WHAT YOU HAVE TO DO
Write out, word for word, every line in the data below from the one containing "2025 Cruisers Yachts" to the one containing "Pick up cu radio Qonix TTL 2000", both of them included.

GIVEN INFORMATION
********
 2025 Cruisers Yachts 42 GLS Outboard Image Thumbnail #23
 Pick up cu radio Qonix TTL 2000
********
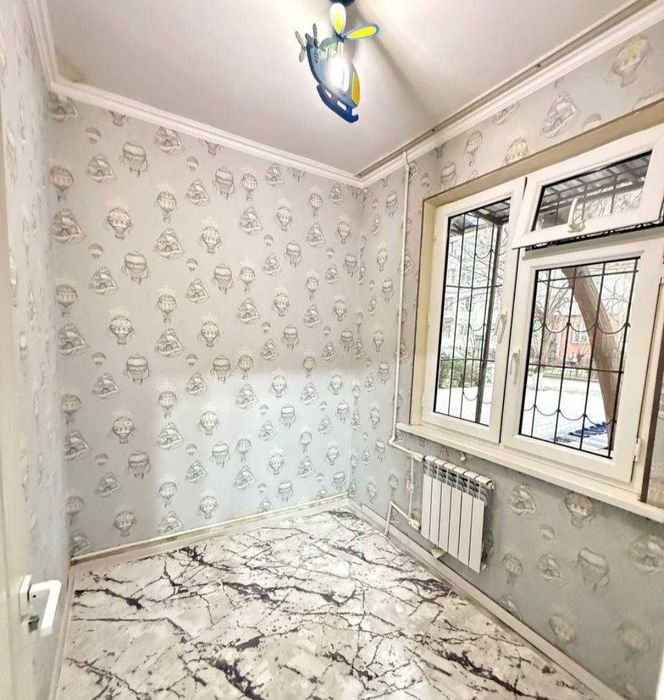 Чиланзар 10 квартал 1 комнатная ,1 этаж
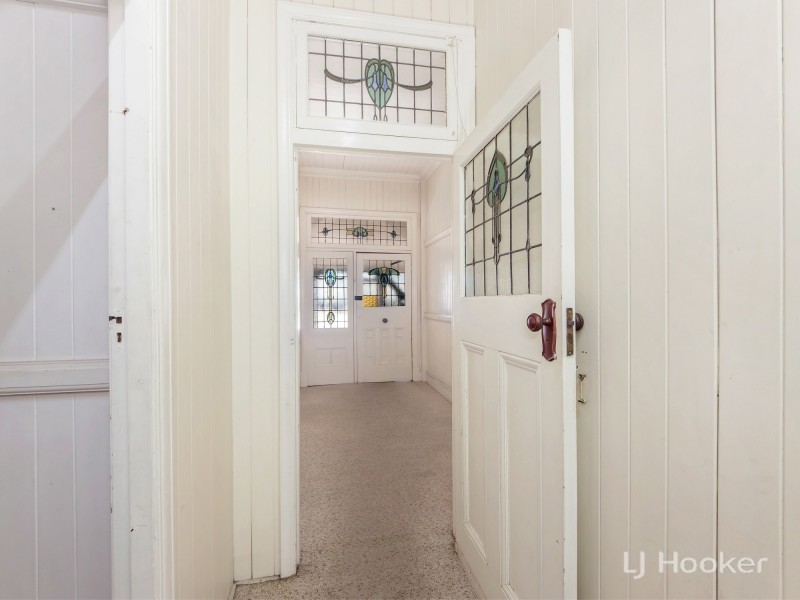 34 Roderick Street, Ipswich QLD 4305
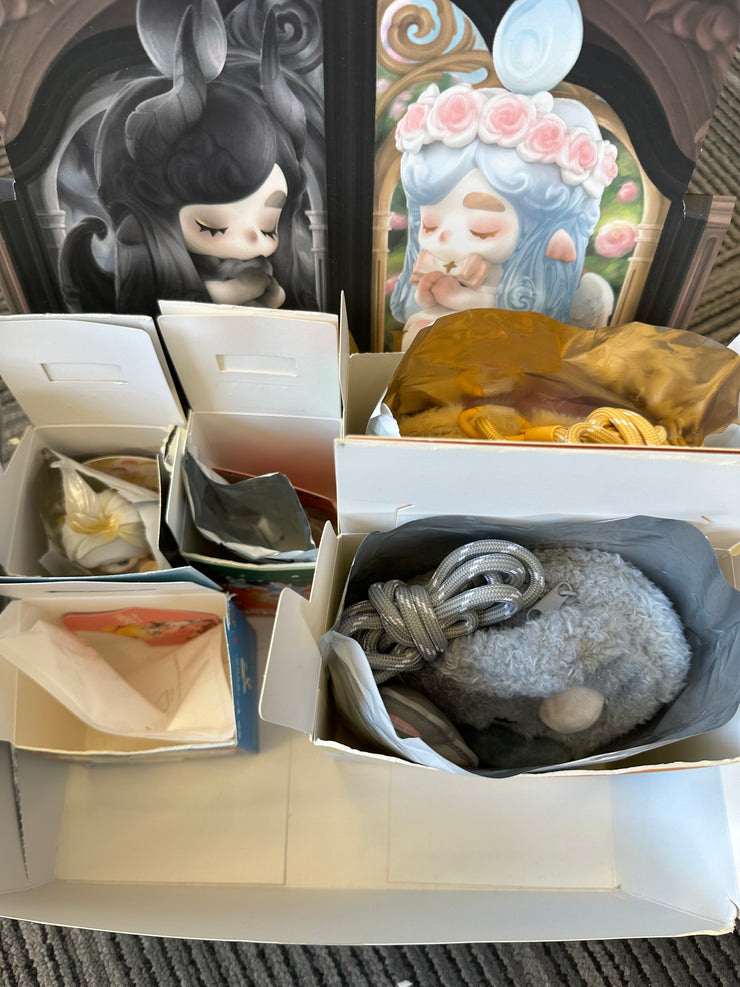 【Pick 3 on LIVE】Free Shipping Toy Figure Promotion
********
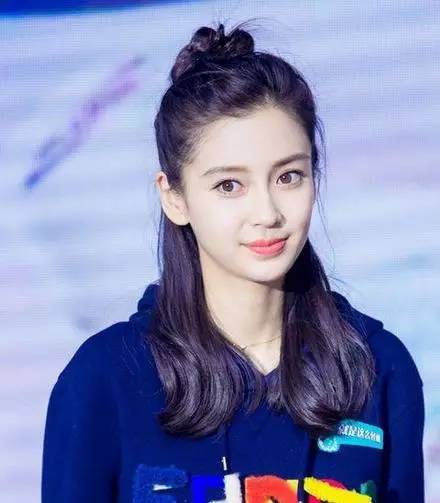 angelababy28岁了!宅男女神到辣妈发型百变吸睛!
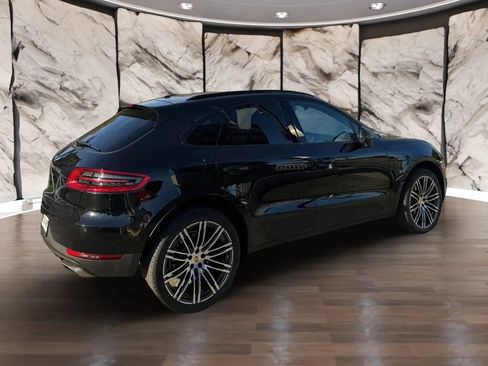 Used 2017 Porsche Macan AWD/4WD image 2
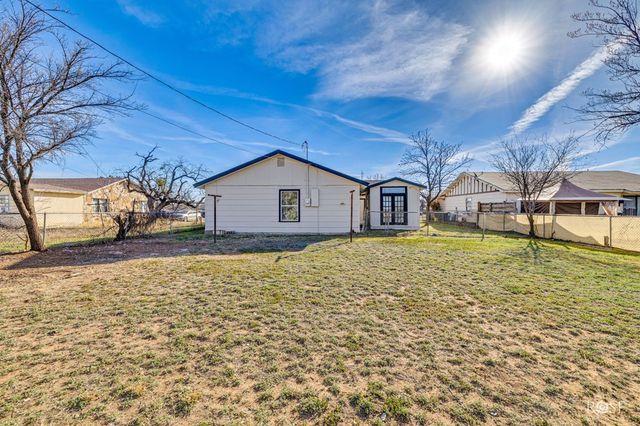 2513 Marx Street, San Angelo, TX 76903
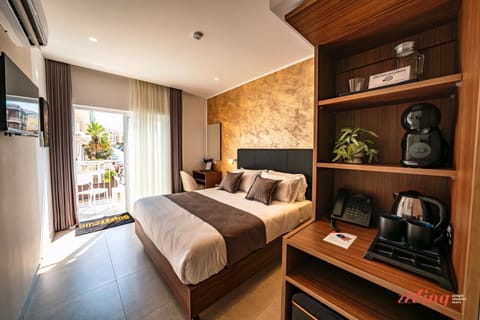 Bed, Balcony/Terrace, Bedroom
********
RESPONSE TO THIS TASK
 2025 Cruisers Yachts 42 GLS Outboard Image Thumbnail #23
 Pick up cu radio Qonix TTL 2000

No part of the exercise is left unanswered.